Civil Service overturns suspension, orders DOC to return restitution to appellant

For the entire decision of the Civil Service Commission go to: Dennis E. Hansbury v. Department of Corrections

Appellant, Dennis E. Hansbury  filed an appeal with the Civil Service Commission on April 13, 2005, claiming that the Department of Correction did not have just cause to suspend the Appellant for five days for breaking the window of a guard tower with a softball.

The Appellant, a Recreation Officer, has been a tenured civil service employee of Department of Corrections  since November 3, 1991. He is assigned to the Massachusetts Correctional Institution Concord.

On October 9, 2004, the Appellant was on his regularly assigned shift in the recreation yard at MCI Concord. Correction Officer Robert Hoey was assigned to duty in Guard Tower 2 at the time of the incident.

The prison is surrounded by a fence approximately twenty-five (25) feet high. Outside the fence, there is a concrete wall which is approximately thirty (30) feet high interspersed with forty-five (45) foot high guard towers. The space between the fence and the wall, commonly called “no-man’s land,” gives the officers access to the towers. After recreation time was complete, the Appellant went to retrieve the errant softballs from “no-man’s land. His normal custom was to throw some of the good balls back over the fence onto the field, dispose of the damaged ones by carrying them out of the yard, and collect the remaining good balls in a bag. On the day of this incident, the Appellant collected approximately 12 softballs and threw 4 back over the fence on to the field.  While passing Guard Tower 2, the Appellant attempted to throw one ball which was missing its exterior leather cover up to Hoey in the guard tower but missed.

The Appellant attempted to throw a second ball up to Hoey through the open window of the Guard Tower but missed and hit the window this time, which shattered. The Appellant described and demonstrated how he threw the softball and it appeared to be more of a basketball hook shot than a throw. The Appellant testified that he was very surprised that the window broke because he believed that the window was made of plexiglass. The Appellant immediately reported the incident to Supervisor Kevin Foley.

Sgt. Anthony Ciccone conducted the Superintendent’s investigation of this matter for the DOC, which he completed on November 4, 2004. On February 9, 2005, the Appellant received notice of a March 8, 2005 hearing. He was charged with violating Blue Book Rule 7(d) which states “Employees should not read, write, or engage in any distracting amusement or occupation during the work hours except to consult rules or other materials necessary for proper performance of their duties.” He was also charged with violating Rule 15(b) which states “You will be liable for any willful destruction, loss, waste or damage by you of state property.”  G.L. c. 266 § 104. Buildings; destruction or injury. §104 is as follows: “Whoever wilfully, intentionally and without right destroys, injures, defaces or mars a dwelling house or other building, whether upon the inside or outside, shall be punished by imprisonment for not more than two months or by a fine of not more than fifty dollars.
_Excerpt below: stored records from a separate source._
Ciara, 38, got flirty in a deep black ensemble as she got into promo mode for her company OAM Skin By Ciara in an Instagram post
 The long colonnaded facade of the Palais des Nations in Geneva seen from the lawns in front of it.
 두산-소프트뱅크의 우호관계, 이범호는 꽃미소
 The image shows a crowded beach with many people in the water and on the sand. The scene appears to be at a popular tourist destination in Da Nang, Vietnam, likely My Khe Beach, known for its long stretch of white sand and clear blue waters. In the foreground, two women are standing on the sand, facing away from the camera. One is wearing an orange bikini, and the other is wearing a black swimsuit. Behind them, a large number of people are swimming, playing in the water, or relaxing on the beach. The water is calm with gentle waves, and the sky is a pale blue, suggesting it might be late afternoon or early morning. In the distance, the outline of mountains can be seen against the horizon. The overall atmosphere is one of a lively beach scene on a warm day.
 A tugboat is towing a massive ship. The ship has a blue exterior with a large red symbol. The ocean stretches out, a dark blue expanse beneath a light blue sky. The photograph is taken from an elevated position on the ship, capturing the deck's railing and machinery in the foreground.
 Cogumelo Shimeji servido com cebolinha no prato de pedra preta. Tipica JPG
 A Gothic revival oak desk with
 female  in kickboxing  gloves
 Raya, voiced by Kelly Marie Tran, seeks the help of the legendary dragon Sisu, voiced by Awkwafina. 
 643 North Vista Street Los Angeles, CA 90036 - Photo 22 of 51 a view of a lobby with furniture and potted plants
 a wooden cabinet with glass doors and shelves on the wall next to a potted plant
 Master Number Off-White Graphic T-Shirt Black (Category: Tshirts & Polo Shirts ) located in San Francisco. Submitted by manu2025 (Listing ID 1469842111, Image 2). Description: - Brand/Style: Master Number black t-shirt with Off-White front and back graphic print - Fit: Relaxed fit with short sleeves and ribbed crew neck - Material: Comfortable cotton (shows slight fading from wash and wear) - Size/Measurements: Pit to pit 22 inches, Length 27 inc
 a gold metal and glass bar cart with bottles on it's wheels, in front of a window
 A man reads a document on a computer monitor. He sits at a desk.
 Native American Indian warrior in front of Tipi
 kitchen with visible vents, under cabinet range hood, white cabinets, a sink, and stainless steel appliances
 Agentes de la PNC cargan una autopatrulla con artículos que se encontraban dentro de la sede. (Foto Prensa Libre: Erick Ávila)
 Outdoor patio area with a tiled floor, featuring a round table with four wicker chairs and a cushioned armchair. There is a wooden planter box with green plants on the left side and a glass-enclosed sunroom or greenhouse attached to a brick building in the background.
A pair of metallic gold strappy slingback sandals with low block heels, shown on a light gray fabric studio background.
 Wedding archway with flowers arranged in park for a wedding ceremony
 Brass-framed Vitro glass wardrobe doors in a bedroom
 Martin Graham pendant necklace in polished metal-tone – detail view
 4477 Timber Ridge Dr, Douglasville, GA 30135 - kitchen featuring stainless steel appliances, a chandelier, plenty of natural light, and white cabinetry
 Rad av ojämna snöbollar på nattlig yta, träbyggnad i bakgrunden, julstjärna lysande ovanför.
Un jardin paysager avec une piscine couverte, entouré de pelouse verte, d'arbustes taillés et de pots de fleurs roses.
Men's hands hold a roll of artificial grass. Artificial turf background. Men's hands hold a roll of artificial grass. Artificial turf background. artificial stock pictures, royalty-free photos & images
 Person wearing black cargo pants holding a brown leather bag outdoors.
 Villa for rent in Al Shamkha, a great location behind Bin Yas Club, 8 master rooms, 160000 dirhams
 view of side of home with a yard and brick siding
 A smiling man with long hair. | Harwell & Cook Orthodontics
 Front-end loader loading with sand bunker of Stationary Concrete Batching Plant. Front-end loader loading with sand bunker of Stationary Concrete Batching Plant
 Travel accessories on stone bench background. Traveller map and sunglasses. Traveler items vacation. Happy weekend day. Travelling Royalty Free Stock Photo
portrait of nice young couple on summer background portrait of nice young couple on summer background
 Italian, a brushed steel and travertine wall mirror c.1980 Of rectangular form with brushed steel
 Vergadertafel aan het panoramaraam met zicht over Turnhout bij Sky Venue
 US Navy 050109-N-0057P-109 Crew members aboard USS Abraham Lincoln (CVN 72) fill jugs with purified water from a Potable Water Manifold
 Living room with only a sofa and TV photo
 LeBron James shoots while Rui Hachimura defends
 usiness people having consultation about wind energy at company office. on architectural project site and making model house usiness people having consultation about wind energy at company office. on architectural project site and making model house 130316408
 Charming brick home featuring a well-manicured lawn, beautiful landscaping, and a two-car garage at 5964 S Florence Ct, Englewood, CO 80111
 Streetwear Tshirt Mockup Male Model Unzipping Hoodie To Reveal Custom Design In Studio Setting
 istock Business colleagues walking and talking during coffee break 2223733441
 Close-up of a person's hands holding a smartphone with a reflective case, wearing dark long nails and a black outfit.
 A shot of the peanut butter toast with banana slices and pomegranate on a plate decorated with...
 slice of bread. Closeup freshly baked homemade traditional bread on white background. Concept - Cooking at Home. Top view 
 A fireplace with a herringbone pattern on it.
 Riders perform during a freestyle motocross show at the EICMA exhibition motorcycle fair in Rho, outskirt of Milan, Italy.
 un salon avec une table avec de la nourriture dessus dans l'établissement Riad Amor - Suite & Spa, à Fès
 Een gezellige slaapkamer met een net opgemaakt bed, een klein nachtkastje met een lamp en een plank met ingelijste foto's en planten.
Willfull-adj. is used when referring to acts which are intentional, conscious and directed toward achieving a purpose. See “The word ‘wilfull’ or ‘wilfully’ when used in the definition of a crime, it has been said time and again, means only intentionally or purposely as distinguished from accidentally or negligently…it has been stated with equal repetition and insistence that the requirement added by such a word is not satisfied unless there is a bad purpose or evil intent.” Rollin M. Perkins & Ronald n. Boyce, Criminal Law 875-76 (3d. ed. 1982) as quoted in Black’s Law Dictionary Seventh Edition, West Group St. Paul Minn. 1999, p. 1593.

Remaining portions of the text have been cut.